# ML module 2
Q1. Question 1: Read the Bike Details dataset into a Pandas DataFrame and display its
first 10 rows.

ans-  
###
%pip install gdown -q

import gdown
import pandas as pd

file_id = '1iKy23bMtEQShF_weneRNnYrFmzvpPOI3'
output_filename = 'Bike Details Dataset.csv'

gdown.download(id=file_id, output=output_filename, quiet=False)

df = pd.read_csv(output_filename)


print('First 10 rows of the DataFrame:')
display(df.head(10))


print('\nShape of the DataFrame:')
print(df.shape)


print('\nColumn names of the DataFrame:')
print(df.columns.tolist())
###

Q2. : Check for missing values in all columns and describe your approach for
handling them.

ans-  

###
missing_values = df.isnull().sum()
missing_percentage = (df.isnull().sum() / len(df)) * 100

missing_df = pd.DataFrame({'Missing Count': missing_values, 'Missing Percentage (%)': missing_percentage})
missing_df = missing_df[missing_df['Missing Count'] > 0].sort_values(by='Missing Count', ascending=False)

print('Missing Values in Each Column:')
display(missing_df)
###

Q3. Plot the distribution of selling prices using a histogram and describe the
overall trend.

ans-  ###
import matplotlib.pyplot as plt
import seaborn as sns


if 'Selling_Price' in df.columns:
    plt.figure(figsize=(10, 6))
    sns.histplot(df['Selling_Price'], bins=30, kde=True, color='skyblue')
    plt.title('Distribution of Selling Prices')
    plt.xlabel('Selling Price')
    plt.ylabel('Frequency')
    plt.grid(axis='y', alpha=0.75)
    plt.show()
else:
    print("Error: 'Selling_Price' column not found in the DataFrame.

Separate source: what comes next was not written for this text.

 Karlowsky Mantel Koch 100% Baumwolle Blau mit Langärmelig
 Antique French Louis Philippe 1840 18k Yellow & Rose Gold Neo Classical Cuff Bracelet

Please check the column names.")
    print("Available columns:", df.columns.tolist())
    ###

Q4. Create a bar plot to visualize the average selling price for each seller_type
and write one observation.

ans-
###
import matplotlib.pyplot as plt
import seaborn as sns
if 'seller_type' in df.columns and 'Selling_Price' in df.columns:
    # Calculate the average selling price for each seller_type
    avg_selling_price_by_seller_type = df.groupby('seller_type')['Selling_Price'].mean().sort_values(ascending=False)

    plt.figure(figsize=(10, 6))
    sns.barplot(x=avg_selling_price_by_seller_type.index, y=avg_selling_price_by_seller_type.values, palette='viridis')
    plt.title('Average Selling Price by Seller Type')
    plt.xlabel('Seller Type')
    plt.ylabel('Average Selling Price')
    plt.xticks(rotation=45)
    plt.grid(axis='y', alpha=0.75)
    plt.tight_layout()
    plt.show()
else:
    print("Error: 'seller_type' or 'Selling_Price' column not found in the DataFrame. Please check the column names.")
    print("Available columns:", df.columns.tolist())
###

Q5. Compute the average km_driven for each ownership type (1st owner,
2nd owner, etc.), and present the result as a bar plot.

ans-  
###
import matplotlib.pyplot as plt
import seaborn as sns

if 'owner' in df.columns and 'km_driven' in df.columns:
    # Calculate the average km_driven for each ownership type
    avg_km_driven_by_owner = df.groupby('owner')['km_driven'].mean().sort_values(ascending=False)

    plt.figure(figsize=(10, 6))
    sns.barplot(x=avg_km_driven_by_owner.index, y=avg_km_driven_by_owner.values, palette='coolwarm')
    plt.title('Average Kilometers Driven by Ownership Type')
    plt.xlabel('Ownership Type')
    plt.ylabel('Average Kilometers Driven')
    plt.xticks(rotation=45, ha='right')
    plt.grid(axis='y', alpha=0.75)
    plt.tight_layout()
    plt.show()
else:
    print("Error: 'owner' or 'km_driven' column not found in the DataFrame. Please check the column names.")
    print("Available columns:", df.columns.tolist())
###

Q6. Use the IQR method to detect and remove outliers from the km_driven
column. Show before-and-after summary statistics.

ans-  
###
print("Summary statistics for 'km_driven' BEFORE outlier removal:")
display(df['km_driven'].describe())

Q1 = df['km_driven'].quantile(0.25)
Q3 = df['km_driven'].quantile(0.75)
IQR = Q3 - Q1

lower_bound = Q1 - 1.5 * IQR
upper_bound = Q3 + 1.5 * IQR

outliers_km_driven = df[(df['km_driven'] < lower_bound) | (df['km_driven'] > upper_bound)]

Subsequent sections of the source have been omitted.